周武王和周公兄弟两个,就是太姒所生,从小听着夏人故事长大。他们兄弟对夏人和夏文化有一种天然的亲近感,长大以后,更是意识到必须亲近夏人。
当时,黄河流域分为三大政治板块,东部是殷商,西部是周羌,中间是夏人后裔。周羌要想翦商,必须经过和借助夏人板块。
所以,周人与夏人确实存在血缘关系,但是不能算真正的夏人后裔。他们的血缘关系来自母系,属于夏人的外甥。他们向夏人靠拢,既来自天然的母系情感,更是对战略利益的考量。
如果周人不是夏人后裔,那是不是来自羌人呢?说到这里,各位必须先搞清羌人概念。这个概念来自商王朝,商人将他们西部异己的畜牧人群,统统称为“羌人”,所以王明珂说它不是一个族群概念,而是一种生计概念。

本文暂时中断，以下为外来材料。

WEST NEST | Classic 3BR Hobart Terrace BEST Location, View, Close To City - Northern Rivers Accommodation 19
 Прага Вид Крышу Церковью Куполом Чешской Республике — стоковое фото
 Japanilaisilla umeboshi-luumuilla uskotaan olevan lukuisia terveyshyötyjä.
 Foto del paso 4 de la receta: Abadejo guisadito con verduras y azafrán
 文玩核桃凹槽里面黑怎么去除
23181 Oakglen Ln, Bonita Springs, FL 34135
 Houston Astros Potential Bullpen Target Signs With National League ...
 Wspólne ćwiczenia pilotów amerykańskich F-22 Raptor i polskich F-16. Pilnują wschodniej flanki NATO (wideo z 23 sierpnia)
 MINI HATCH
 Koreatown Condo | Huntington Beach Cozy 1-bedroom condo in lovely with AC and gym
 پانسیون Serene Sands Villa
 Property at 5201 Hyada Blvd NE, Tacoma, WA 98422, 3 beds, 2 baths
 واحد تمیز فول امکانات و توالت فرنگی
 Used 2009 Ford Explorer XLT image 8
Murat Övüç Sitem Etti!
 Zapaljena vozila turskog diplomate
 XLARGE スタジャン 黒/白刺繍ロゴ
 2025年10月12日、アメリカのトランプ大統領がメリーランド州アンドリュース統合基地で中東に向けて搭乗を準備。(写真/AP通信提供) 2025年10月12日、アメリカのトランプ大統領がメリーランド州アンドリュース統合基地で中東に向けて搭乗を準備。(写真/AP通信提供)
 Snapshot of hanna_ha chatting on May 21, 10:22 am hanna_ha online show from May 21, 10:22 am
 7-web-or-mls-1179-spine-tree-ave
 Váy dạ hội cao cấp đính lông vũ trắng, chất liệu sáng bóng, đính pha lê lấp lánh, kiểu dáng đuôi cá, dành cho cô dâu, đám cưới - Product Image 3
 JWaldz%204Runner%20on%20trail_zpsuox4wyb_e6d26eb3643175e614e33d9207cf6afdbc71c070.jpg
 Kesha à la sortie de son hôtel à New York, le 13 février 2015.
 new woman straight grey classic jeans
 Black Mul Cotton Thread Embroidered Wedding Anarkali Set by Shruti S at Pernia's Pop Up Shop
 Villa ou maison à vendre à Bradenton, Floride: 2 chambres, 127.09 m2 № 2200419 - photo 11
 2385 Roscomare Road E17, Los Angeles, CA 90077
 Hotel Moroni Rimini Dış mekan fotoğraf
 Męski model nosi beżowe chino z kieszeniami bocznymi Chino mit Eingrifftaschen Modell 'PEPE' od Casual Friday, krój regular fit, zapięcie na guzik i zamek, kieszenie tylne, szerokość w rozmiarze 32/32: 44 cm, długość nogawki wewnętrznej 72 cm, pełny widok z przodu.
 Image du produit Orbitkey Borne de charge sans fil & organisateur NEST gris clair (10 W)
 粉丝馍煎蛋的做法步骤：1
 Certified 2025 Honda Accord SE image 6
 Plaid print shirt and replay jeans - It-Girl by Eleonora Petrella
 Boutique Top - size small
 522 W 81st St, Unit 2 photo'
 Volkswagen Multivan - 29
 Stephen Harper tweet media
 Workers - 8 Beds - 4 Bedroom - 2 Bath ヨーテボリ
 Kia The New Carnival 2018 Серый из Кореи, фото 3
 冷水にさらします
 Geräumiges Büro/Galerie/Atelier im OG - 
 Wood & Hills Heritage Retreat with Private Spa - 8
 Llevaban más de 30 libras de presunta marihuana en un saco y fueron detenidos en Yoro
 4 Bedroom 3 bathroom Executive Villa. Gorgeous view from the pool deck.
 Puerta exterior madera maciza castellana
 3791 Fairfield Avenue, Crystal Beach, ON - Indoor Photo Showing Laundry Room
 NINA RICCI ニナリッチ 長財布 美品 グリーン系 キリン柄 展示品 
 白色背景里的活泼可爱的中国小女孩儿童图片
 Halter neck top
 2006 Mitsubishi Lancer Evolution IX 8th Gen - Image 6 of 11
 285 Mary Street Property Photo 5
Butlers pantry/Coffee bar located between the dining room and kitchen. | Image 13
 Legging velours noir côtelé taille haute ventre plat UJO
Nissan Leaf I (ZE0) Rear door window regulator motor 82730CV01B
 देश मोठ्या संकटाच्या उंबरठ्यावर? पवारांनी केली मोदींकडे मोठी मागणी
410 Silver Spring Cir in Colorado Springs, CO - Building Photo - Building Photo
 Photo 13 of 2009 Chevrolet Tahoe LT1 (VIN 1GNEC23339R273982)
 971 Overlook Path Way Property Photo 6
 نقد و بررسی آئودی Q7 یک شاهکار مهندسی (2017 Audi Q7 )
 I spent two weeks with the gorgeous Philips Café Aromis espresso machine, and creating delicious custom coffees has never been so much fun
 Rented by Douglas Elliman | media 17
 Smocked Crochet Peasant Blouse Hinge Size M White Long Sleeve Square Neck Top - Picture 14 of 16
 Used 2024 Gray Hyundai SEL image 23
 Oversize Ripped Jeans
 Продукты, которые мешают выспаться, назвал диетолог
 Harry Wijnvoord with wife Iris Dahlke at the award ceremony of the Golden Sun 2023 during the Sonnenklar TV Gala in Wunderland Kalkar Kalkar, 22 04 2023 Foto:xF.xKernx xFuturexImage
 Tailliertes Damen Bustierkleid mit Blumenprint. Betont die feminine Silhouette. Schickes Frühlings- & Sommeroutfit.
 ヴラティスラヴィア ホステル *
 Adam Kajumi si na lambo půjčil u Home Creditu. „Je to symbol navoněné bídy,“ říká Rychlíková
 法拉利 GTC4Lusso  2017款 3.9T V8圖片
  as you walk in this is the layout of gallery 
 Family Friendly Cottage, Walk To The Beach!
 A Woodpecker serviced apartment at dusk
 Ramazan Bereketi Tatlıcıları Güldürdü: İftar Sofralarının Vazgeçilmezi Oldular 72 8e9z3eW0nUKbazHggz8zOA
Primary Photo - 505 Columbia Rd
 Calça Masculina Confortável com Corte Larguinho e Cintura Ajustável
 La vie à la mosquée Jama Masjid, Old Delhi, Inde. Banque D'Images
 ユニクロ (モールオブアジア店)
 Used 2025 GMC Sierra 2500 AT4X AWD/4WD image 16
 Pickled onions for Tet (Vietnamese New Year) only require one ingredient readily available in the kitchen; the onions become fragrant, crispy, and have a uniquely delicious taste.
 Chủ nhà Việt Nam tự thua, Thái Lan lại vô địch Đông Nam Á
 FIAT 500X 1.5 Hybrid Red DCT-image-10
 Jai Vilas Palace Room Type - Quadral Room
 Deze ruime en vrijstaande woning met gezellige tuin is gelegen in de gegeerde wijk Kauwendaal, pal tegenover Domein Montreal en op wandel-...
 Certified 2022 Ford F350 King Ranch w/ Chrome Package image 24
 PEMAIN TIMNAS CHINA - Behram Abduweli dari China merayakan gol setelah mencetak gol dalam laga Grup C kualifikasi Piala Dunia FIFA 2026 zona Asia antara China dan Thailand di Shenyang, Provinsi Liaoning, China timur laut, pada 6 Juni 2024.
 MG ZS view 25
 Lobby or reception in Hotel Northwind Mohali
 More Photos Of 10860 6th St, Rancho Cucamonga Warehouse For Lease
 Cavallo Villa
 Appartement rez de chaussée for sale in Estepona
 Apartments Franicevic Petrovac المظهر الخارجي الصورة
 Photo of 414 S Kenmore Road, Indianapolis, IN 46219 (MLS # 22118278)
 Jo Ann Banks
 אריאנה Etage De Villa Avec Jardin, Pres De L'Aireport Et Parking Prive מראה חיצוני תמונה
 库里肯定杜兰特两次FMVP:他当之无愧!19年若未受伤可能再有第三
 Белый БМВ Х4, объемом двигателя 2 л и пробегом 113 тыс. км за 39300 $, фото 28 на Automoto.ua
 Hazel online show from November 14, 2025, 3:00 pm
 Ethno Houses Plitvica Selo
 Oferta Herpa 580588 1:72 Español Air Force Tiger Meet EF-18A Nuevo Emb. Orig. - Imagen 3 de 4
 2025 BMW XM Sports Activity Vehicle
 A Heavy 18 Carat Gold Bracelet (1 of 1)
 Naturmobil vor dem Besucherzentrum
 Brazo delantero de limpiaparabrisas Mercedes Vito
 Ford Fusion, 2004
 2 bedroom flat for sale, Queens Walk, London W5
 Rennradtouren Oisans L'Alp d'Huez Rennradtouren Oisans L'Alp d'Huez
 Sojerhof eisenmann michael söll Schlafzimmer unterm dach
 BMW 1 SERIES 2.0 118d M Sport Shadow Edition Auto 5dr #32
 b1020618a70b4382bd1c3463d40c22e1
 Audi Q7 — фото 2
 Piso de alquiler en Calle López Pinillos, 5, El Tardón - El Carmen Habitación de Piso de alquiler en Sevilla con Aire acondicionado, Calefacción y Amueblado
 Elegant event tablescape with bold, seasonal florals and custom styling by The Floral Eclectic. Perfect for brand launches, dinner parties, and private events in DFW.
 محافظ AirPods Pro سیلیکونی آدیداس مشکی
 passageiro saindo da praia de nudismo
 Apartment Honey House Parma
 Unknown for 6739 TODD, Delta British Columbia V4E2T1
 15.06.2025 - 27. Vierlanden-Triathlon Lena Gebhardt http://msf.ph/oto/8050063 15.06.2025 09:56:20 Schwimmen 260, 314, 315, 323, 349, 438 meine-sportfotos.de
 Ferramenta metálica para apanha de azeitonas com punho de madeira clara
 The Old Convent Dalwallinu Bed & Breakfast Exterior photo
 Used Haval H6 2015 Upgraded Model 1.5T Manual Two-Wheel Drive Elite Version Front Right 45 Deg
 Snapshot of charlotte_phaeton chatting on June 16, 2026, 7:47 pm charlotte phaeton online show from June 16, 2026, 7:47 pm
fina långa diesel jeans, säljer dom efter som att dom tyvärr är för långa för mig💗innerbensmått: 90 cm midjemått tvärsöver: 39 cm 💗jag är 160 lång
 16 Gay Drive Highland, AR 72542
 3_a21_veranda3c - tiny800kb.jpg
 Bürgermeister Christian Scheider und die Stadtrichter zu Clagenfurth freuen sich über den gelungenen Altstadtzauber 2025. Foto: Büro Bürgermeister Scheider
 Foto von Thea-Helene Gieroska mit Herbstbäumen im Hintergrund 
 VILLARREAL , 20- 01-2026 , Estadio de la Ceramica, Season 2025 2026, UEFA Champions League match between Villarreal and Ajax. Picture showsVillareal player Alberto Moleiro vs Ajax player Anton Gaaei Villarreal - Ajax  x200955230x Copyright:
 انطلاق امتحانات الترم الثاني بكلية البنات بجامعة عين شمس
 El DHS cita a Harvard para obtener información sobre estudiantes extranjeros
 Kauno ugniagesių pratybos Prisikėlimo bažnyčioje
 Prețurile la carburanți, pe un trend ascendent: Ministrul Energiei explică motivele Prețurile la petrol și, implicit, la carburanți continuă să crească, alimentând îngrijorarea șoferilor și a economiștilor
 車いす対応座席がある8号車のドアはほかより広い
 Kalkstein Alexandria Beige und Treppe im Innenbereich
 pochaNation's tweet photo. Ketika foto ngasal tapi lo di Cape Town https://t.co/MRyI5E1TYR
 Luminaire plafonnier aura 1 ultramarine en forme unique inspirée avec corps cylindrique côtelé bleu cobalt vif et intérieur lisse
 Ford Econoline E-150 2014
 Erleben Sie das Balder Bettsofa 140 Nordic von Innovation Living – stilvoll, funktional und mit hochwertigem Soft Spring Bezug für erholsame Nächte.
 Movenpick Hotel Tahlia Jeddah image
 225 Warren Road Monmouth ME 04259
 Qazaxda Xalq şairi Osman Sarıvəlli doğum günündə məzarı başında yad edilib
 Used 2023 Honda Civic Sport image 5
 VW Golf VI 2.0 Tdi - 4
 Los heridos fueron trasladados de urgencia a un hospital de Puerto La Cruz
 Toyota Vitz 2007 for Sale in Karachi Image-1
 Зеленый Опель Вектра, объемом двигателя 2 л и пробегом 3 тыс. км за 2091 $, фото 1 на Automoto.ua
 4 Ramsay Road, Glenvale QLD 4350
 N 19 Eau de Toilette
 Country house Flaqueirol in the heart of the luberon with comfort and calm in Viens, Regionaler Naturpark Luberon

但是,从商人所称的“羌方”“多马羌”“马羌”等方国来看,“羌人”又有一种狭义内涵,即特指关中西部及其以西的异己族群。这个族群内部可能千差万别,甚至相互攻伐,没有政治共同体意识,但是在种族和文化面貌上,大体是一致的。
考古也证实了这点。根据王晖等研究,商代晚期陕甘青地区存在刘家文化、寺洼文化、辛店文化和卡约文化等人群,这些人群都采用屈肢葬,使用竖穴土坑偏洞室,袋足鬲属于同一谱系,炊器中都掺有陶末,明显属于同一文化系统。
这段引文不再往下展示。